Quoted from kvan99:
I don't know if it's been said here, but thank you for bringing back normalcy into the hobby, this LE, SLE business were never a good idea for the hobby, different codes and mechs and all.
Over the last 6 weeks I have been to three shows and talked to hundreds of pinball enthusiasts, and at least 75 times I have been asked a question such as 'is this the LE' or 'how many models will there be' and when I answer there is just the one, 100% of the time the response back was along the lines of 'good, I hate the multiple model thing'. So, from where I sit, it is clear that the market does not want it, but clearly some companies believe it is a good thing, at least for the bottom line.
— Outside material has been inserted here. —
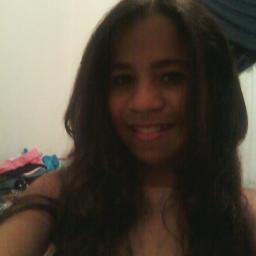 sou uma menina muito simpática e eu adoro a banda one direction mais o meu favorito deles e o  Zain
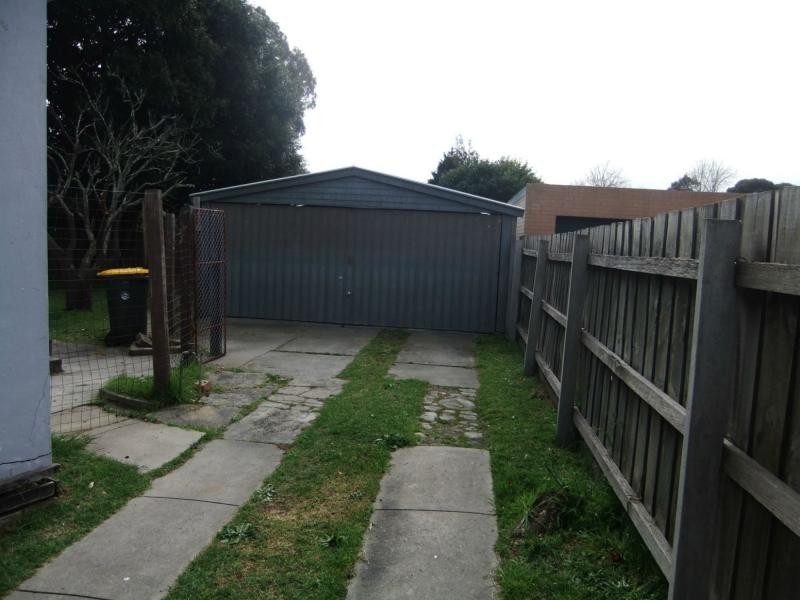 31 Hickory Crescent, Frankston North VIC 3200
As the person creating the rules and writing the code, I can't imagine having to do it for two or three versions of rules and mechs, and then keeping it all straight, let alone getting it completed (needless to say, but I'll say it, pinball code can be extremely complex).
I always thought the original intent of more than one model was to have a lower cost model, with less complex toys that would work well for operators vs collectors who wanted more. But even if that was the original intent, that does not seem to be where it has evolved to. But as we have seen with the airlines and other businesses different levels of service/product, obviously can have a benefit to the bottom line and often the customers have not real say in the matter.
Personally, I'd rather see some machines that are designed/geared for the street but still great at home and for collectors and vice versa, since there are plenty of LE games out on location, so clearly some operators what the full loaded games for their locations. We have seen some very basic games come out, that I would say were geared more towards the non-enthusiast market, that some collectors still wanted. Joe Balcer is very focused on making Houdini as reliable and street friendly as possible, for example, you would need to remove nothing from the playfield to give it a good cleaning. At the same time, I have been focused on making sure the game is fun for novices, enthusiasts, and the hard core skilled/strategy guys. Of course no game will ever make everyone happy.
I can understand how manufactures want to maximize profit and I can see a place for add-ons that provide the 'bling' or extras (invisiglass, toppers, etc.) or even certain features that are not core to the games functionality (e.g. shaker motors when not really critical to the game) that some folks want and others don't really care for, and if that kept fully functional and developed games at a more affordable price, then great.
I also don't get how those who are paying more for an LE often get their games after the standards/pros/etc. Seems if you are paying more, you should get yours first, but thats just me.
Obviously I don't make all the decisions here at American Pinball, and some of the comments above are my views and I'm not necessarily speaking on behalf of AP, but I think you have a sense of the things that I will continue to push for and be vocal about.